For devs, by devs: The story of the Mercado Libre Go toolkit

Sebastian Orfino
Mercado Libre Tech

--

We love making software

Making software must be one of the most creative activities there is. You’re constantly faced with new problems or variations of existing problems in a world that is always changing. While there are some tools and techniques that can help us, you still need to come up with that idea — usually elusive — the one that solves the problem in both an effective and elegant way.

Perhaps that’s the hardest part of all: coming up with such a solution Obviously, we don’t have the answer; it would be ideal if we did. In general, it doesn’t happen very often. But we’ll tell you about a time when it did.

Applications and libraries

In addition to building apps that solve specific business problems, we developers also create libraries. Libraries make us more productive because they allow us to reuse solutions for specific, highly transferable problems, saving us from having to rewrite code every time — from one domain to another. An example could be generating a 128-bit cryptographic key or calculating the CRC32 of a file. Another benefit is that libraries have many more “flight hours” than our apps, meaning they are less likely to contain bugs compared to code we write from scratch. And last but not least, perhaps most importantly, libraries are written by experts in their respective domains, such as networking or cryptography, who have undoubtedly spent much more time on the subject and have already answered all the questions we haven’t even thought to ask yet.

The problem with libraries is that neither the amount nor the way they will be used can be entirely predicted. An issue in a library (e.g., a bug or a vulnerability) affects an indeterminate number of apps. Plus, fixing a bug can break a client that, in some mysterious way, was dependent on that buggy behavior (see Hyrum’s Law).

Another topic is versioning. In libraries, versioning is crucial because it determines how package managers handle conflict resolution. In Go, this means adhering strictly to semantic versioning (semver) while still leaving room for changes — without modifying too much — to avoid breaking the library’s clients with disruptive changes and thus hindering adoption, which ultimately determines a library’s success.

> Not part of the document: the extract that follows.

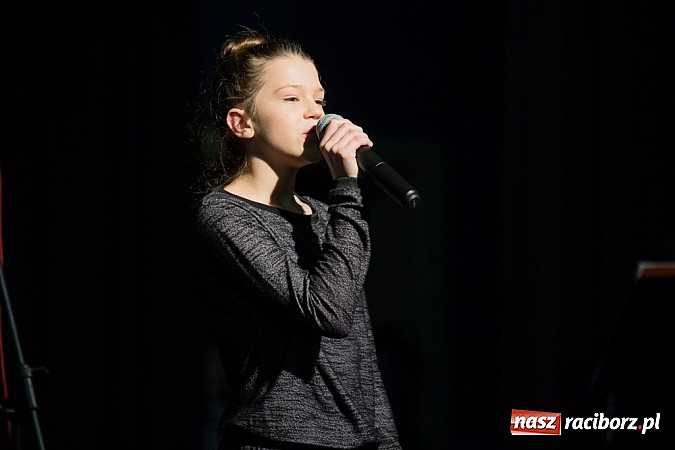 Zdjęcie w galerii na portalu naszraciborz.pl: Wsp&oacute;lne kolędowanie w Krzanowicach wiadomości z regionu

Lastly, it’s essential to remember that libraries must be idiomatic. That is, they should naturally blend with the programming language and its conventions. In Go, for example, a custom library shouldn’t differ much from the standard library. In fact, developers shouldn’t even notice that they aren’t using the standard library; it should flow seamlessly, as if there were no boundary.

Running applications at MELI

Image 1: Example of interconnected apps in our Fury ecosystem.

In a company as large as MELI, where millions of requests per minute are constantly happening across payments, sales, shipping, and searches, thousands of interconnected apps form an endless and ever-changing river (we could quote Heraclitus, but we won’t). Approximately half of our productive traffic flows through Go applications — and this proportion is increasing. These thousands of apps, created from our internal platform Fury, run on a highly standardized and secure infrastructure, where certain rules must be followed to ensure the protection and experience of our users. The platform offers services that apps can consume if needed, such as SQL databases, key-value stores, document databases, free text search, messaging, secrets storage, object storage, audits, and more. You name it, we have it. We even have design pattern implementations as services, like event-sourcing.

The typical backend apps at MELI essentially perform the following tasks: receive requests, make requests, transform (or aggregate) data, and then respond. In other words, most of the processing is I/O bound. Therefore, it’s crucial for apps to handle I/O carefully if we want the platform to scale to millions of requests per minute (RPM) while also being cost-effective.

Each of these apps require some form of observability. This allows us to monitor them, ensure that incoming traffic is authenticated, enable logging, and let developers query those logs for troubleshooting, among other things. All of these features are provided by the platform they run on. Learn more about Mercado Libre’s observability ecosystem in this post.

For devs, by devs

Image 2: This room hosted the first meetings of the Go toolkit.

In the beginning, there wasn’t much. We weren’t native to Go, with only some SDKs that allowed us to use Fury’s services and a somewhat opinionated router based on Gin. We could say that was enough. However, as our expertise in Go grew and the number of teams continued to expand, we realized that what we had wasn’t the best, and it was time to create something new from scratch — idiomatic, robust, easy to use, and… versioned (unlike the legacy SDKs).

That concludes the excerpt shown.